§ **The problem**: Without any of the pictures, transcribe all the lines below exactly.

§ **Recorded information**:
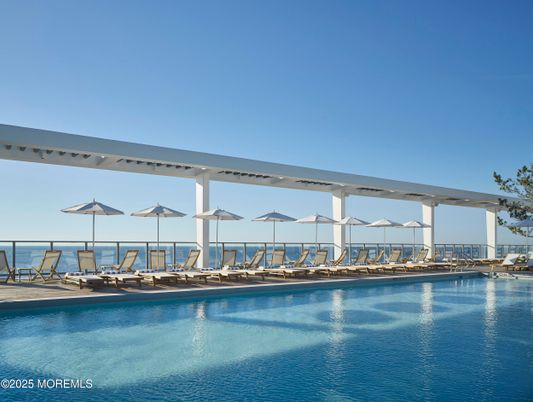 Exterior, Pool, Water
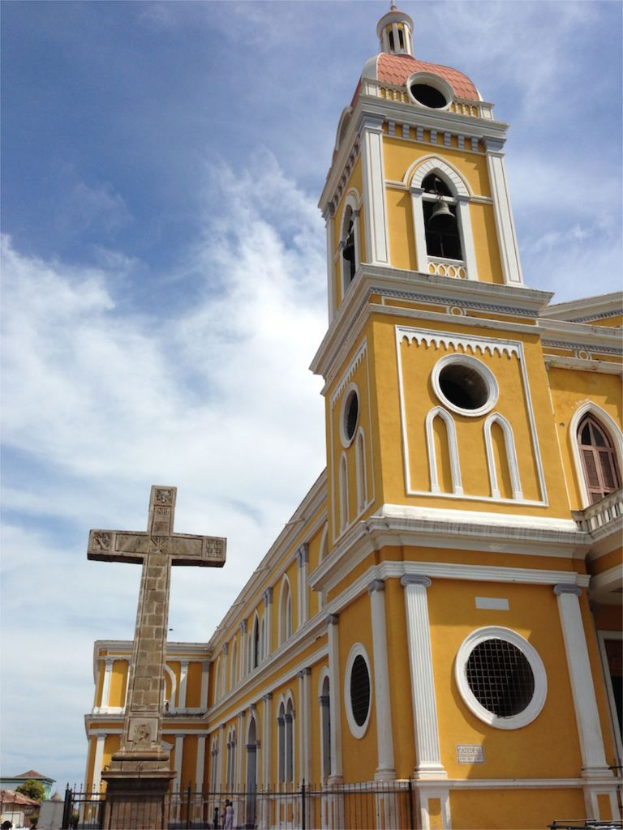 Eine Kirche mit einem Eisengitter unten und dem Himmel oben.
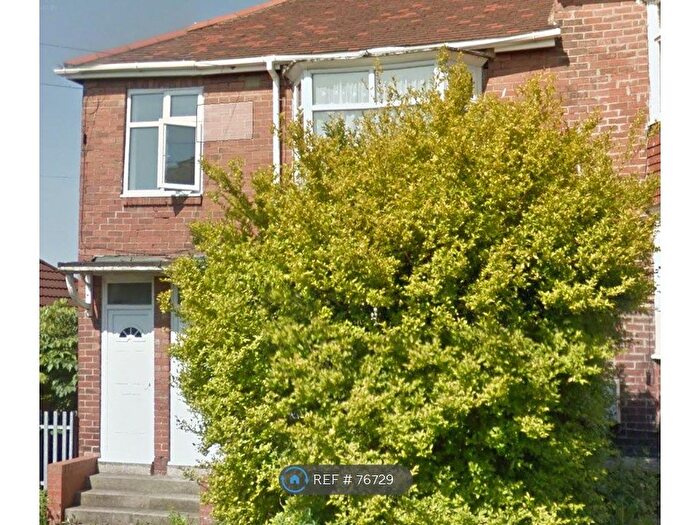 3 Bedroom Flat To Rent In Axbridge Gardens, Newcastle Upon Tyne, NE4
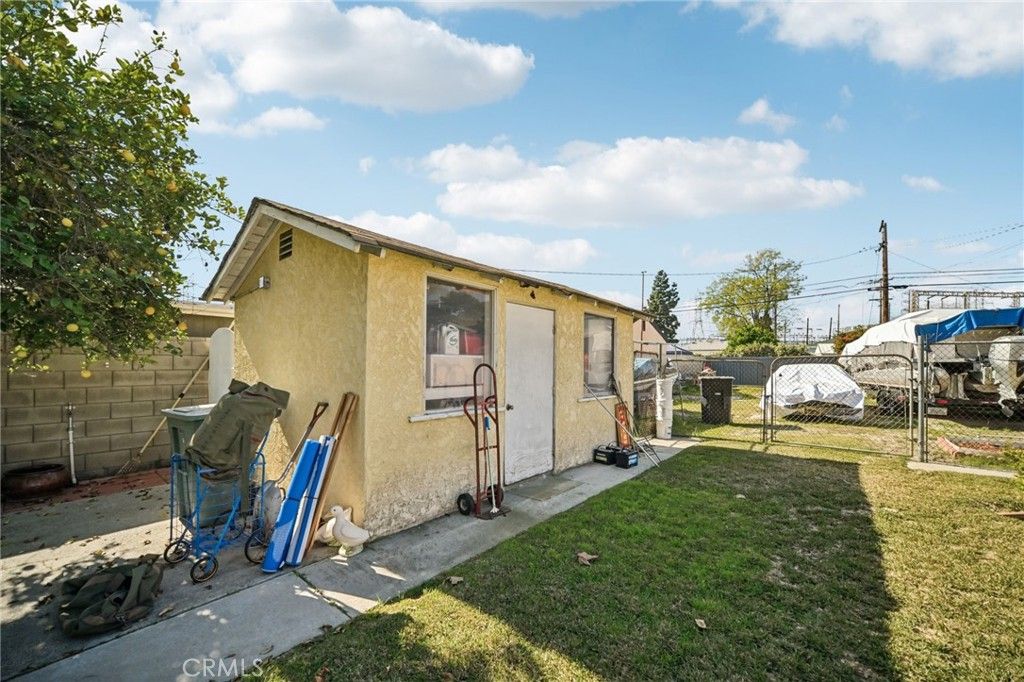 Image 27 of property listing at 1457 N Rose Street, Burbank, CA 91505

§ **Your solution**:
 Exterior, Pool, Water
 Eine Kirche mit einem Eisengitter unten und dem Himmel oben.
 3 Bedroom Flat To Rent In Axbridge Gardens, Newcastle Upon Tyne, NE4
 Image 27 of property listing at 1457 N Rose Street, Burbank, CA 91505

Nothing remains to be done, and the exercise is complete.